New Research Suggests Washington Landslide No Outlier
Last year’s devastating landslide in Oso was no outlier, according to a new study from the University of Washington.
The landslide wiped out a neighborhood north of Seattle and left 43 people dead when it roared down a hillside above the north fork of the Stillaguamish River. It was the deadliest landslide in U.S. history.
In a novel method, university geologists used radiocarbon dating of trees and branches buried in earlier slides as well as a review of erosion characteristics to map the history of landslides in the area. They found that slopes in the area have collapsed every 500 years on average, and with even greater frequency in the past millennium: every 140 years or so.

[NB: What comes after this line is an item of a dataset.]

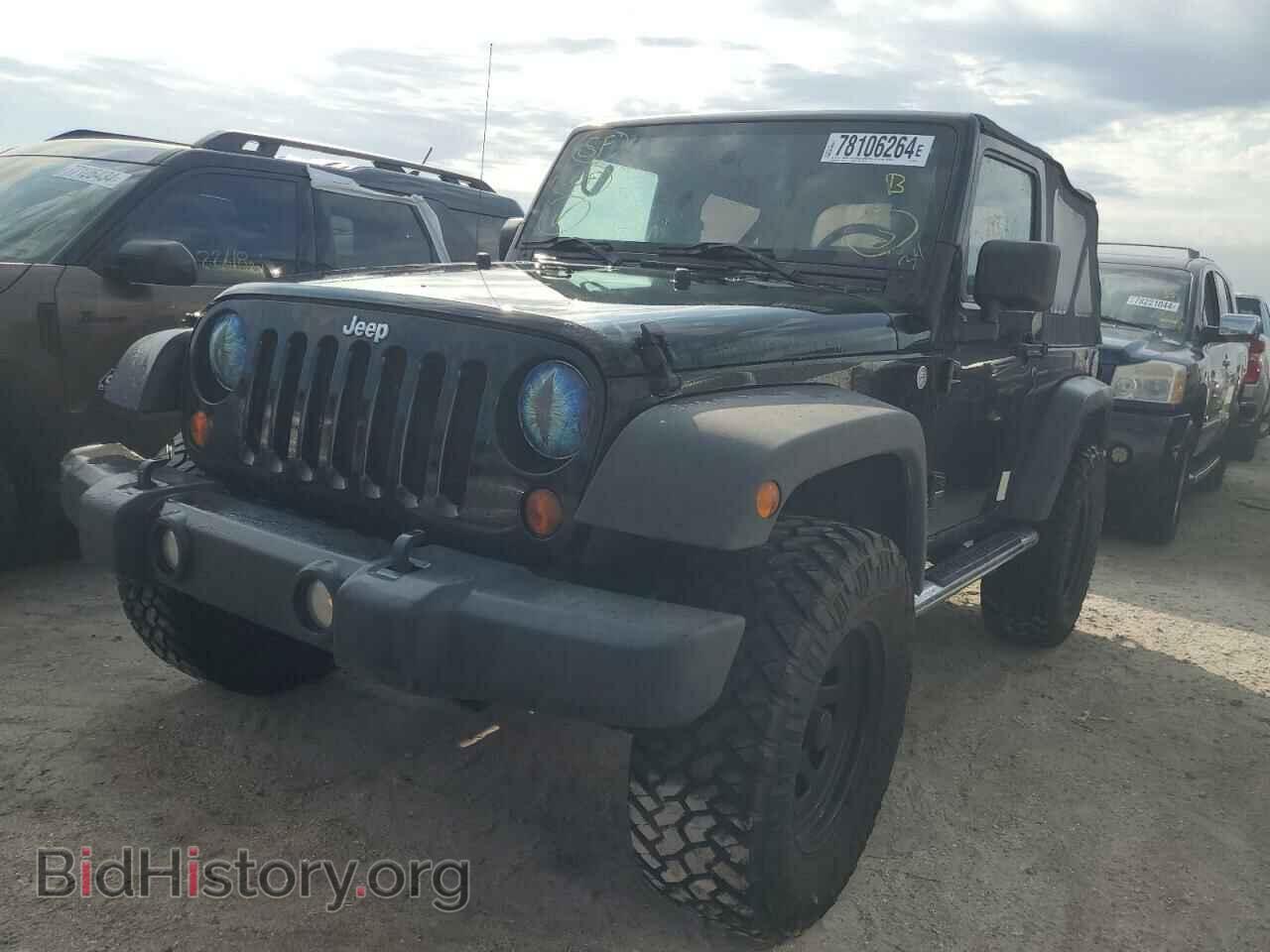 Photo 1J4AA2D19AL208744 - JEEP WRANGLER 2010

The authors say the study disproves the notion that the previous slides in the area all occurred thousands of years ago after the ice sheets retreated.
“This was well known as an area of hillslope instability, but the question was: ‘Were the larger slides thousands of years old, or hundreds of years old?”‘ co-author Alison Duvall, an assistant professor of earth and space sciences, said in a news release. “Now we can say that many of them are hundreds of years old.”
Wading along the river’s banks, the team unearthed samples of wood buried in the Rowan landslide, just downstream of the Oso site, and the Headache Creek landslide, just upriver from Oso. The Rowan slide, which was about five times the size of the Oso slide, occurred 300 to 694 years ago, the researchers determined. The Headache Creek landslide was about 6,000 years ago.
The study’s results, published Tuesday in the journal Geology, could have implications for future land-use decisions in the region, including for logging, which can increase slope instability.
Duvall and another co-author, doctoral student Sean LaHusen, are reviewing the dangers of magnitude-9 earthquakes along the Cascadia subduction zone. They hope to learn whether landslides across Washington state coincided with past quakes, and use simulations of future shaking to determine what parts of the state may be most vulnerable to quake-triggered slides.
Other co-authors of the study included the University of Washington’s David Montgomery and Portland State University’s Adam Booth. The National Science Foundation, the Geological Society of America, and the University of Washington’s Quaternary Research Center provided funding for the study.